• [Input material]:
------------------------
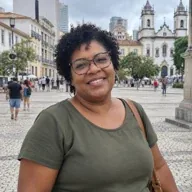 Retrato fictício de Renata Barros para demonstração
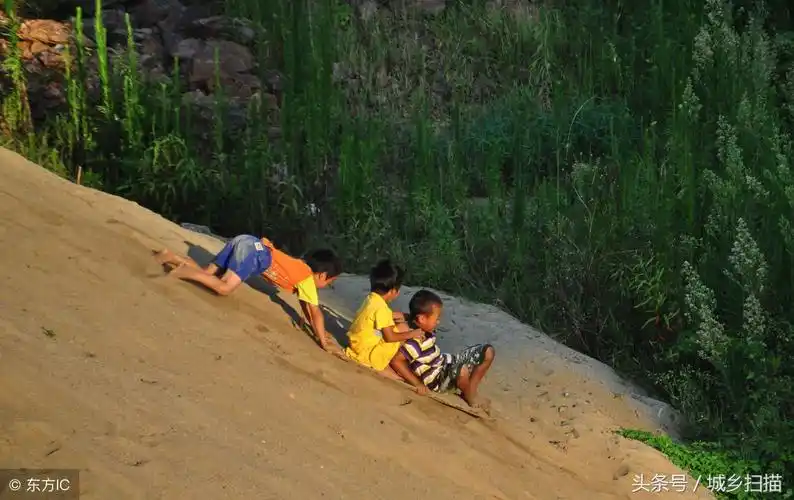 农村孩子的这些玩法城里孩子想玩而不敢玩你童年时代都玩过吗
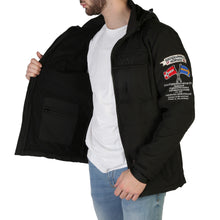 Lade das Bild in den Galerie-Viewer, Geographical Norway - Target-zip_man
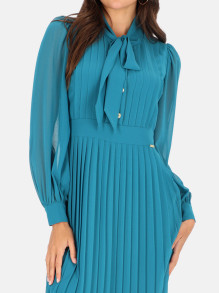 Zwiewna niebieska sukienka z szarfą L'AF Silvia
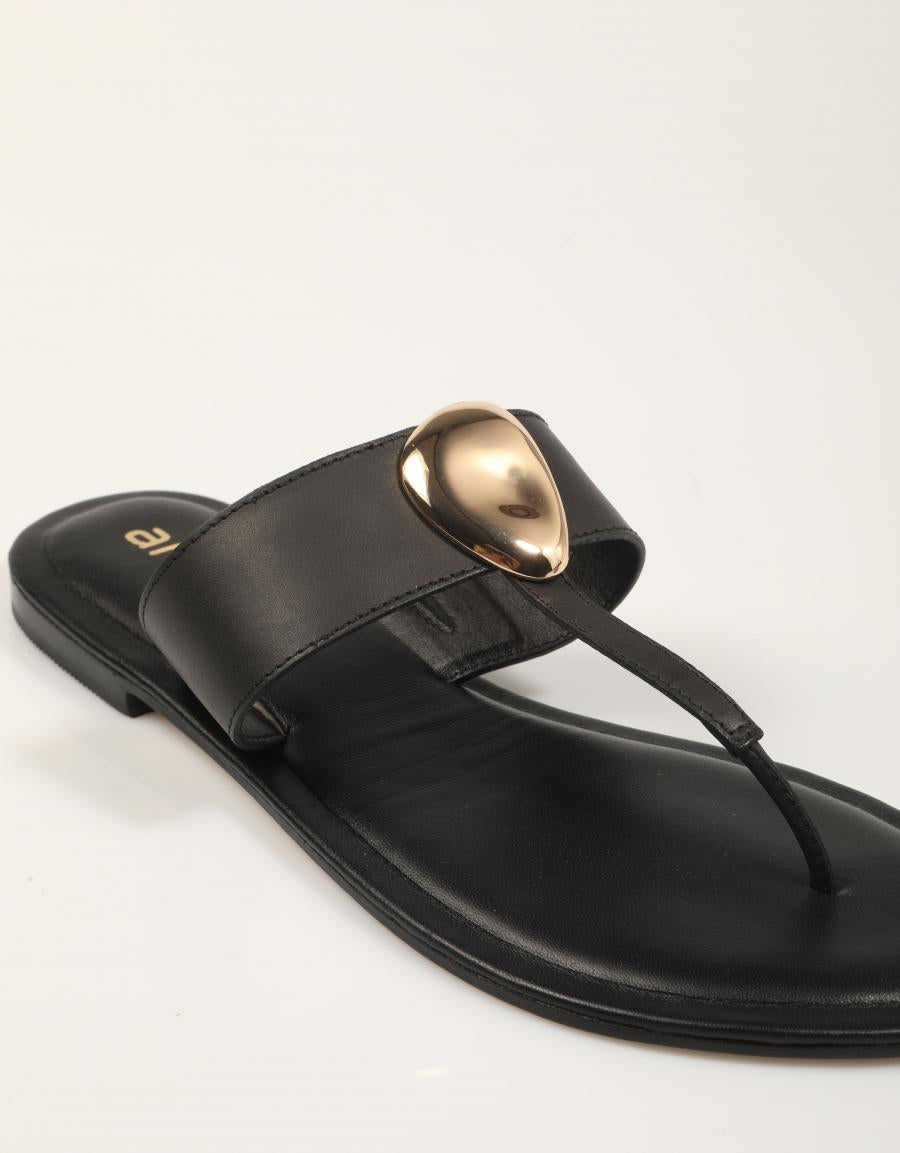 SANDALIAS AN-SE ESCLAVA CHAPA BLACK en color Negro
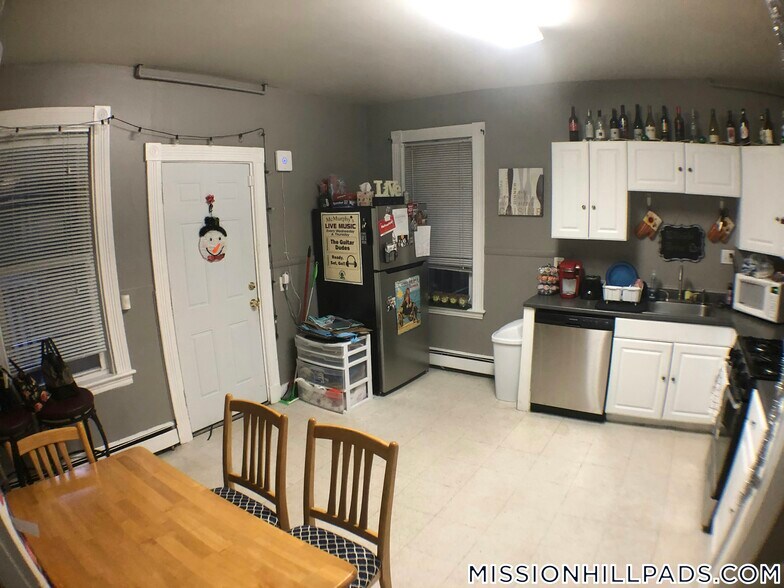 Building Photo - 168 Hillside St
------------------------
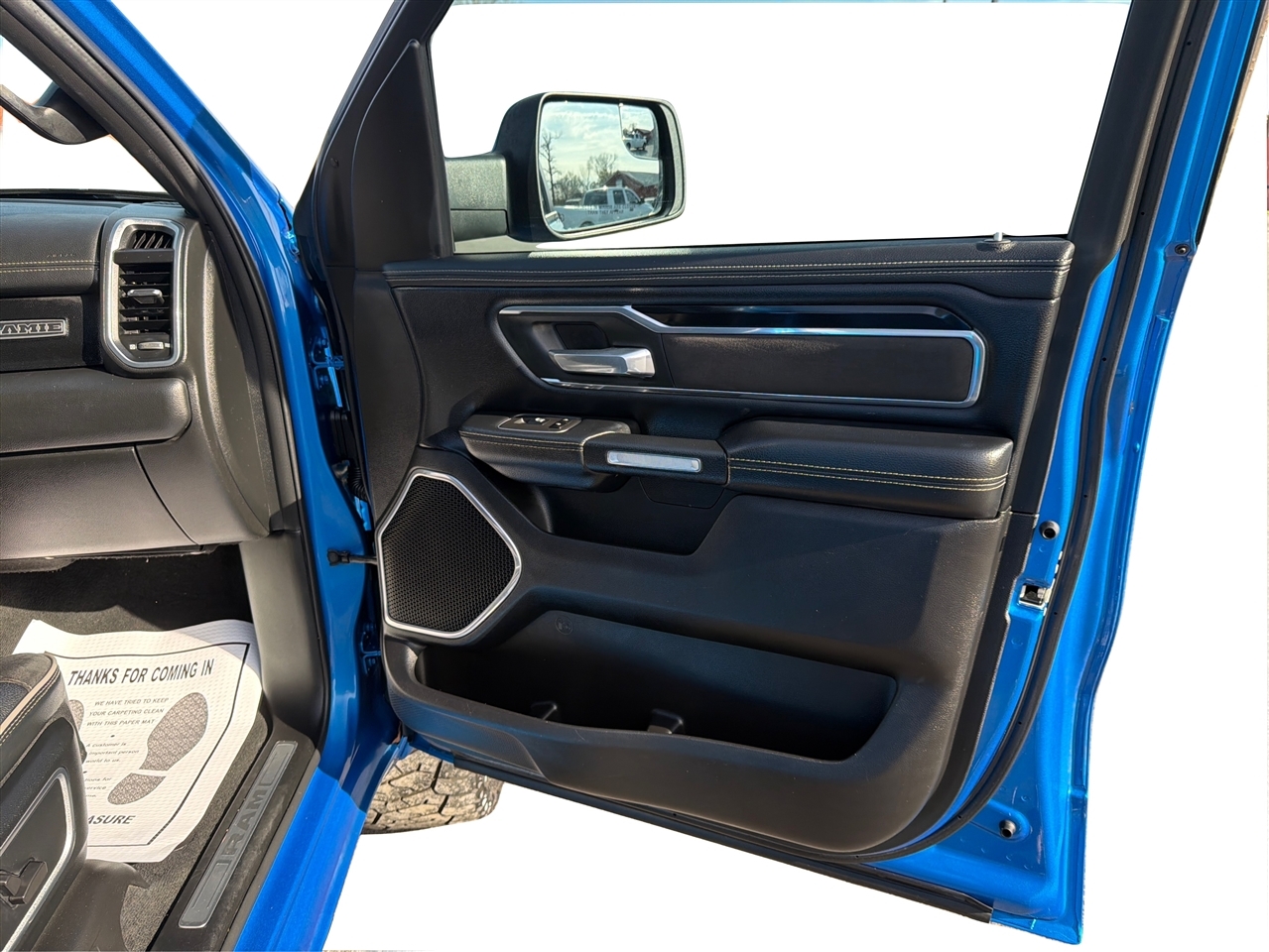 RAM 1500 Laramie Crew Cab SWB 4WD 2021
------------------------
• [Problem description]: After locating "SANDALIAS AN-SE ESCLAVA" and "Building Photo - 168 Hillside St" in the records above, return exactly the line holding each one and every line between them; leave out the pictures.

• [Result]:
 SANDALIAS AN-SE ESCLAVA CHAPA BLACK en color Negro
 Building Photo - 168 Hillside St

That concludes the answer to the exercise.